President Obama thinks that the improving economy will win him a second term, the New York Times reports today. Whatever he’s drinking, order me a double. His poll numbers look a little better because the Republicans have spent the past several months in a fratricidal bloodbath. Fortunately, the memory of the American electorate for such antics is short. Once we choose a candidate (and I am happy with Romney, Santorum, or Gingrich) and unite behind him, we will win, unless, of course, we find a way to sabotage ourselves.

People are hurting, and badly. The official unemployment rate may have fallen, slightly, but the real unemployment rate — the number of working-age Americans who aren’t working — rose from about 12% before the 2008 crisis, to about 23%, and hasn’t come down. That includes people who have retired early because they can’t find work, spouses who used to earn a second income but have gone back to homemaking because work isn’t available, self-employed people whose businesses have collapsed, young people who live in their parents’ basement because they can’t afford tuition and can’t find work.
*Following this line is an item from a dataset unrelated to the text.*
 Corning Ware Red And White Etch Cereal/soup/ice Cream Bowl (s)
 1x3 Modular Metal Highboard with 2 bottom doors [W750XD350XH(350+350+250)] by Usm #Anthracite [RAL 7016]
The chart below, courtesy of the Shadow Government Statistics website, shows (in the blue line labelled “SGS alternative”) the way unemployment feels to Americans: one in four Americans who could be working, isn’t. That’s roughly twice the pre-recession level.



Another way to gauge the pain factor is the so-called Civilian Employment-Population Ratio. Prior to the recession, nearly 65 percent of working-age Americans (not in the military or in prison) had jobs. Now it’s down to 58%. The difference is 16 million people who should be working, but aren’t — about the same as the entire working-age population of Australia. The slight increase in employment during the past few months barely tracks the natural increase in population.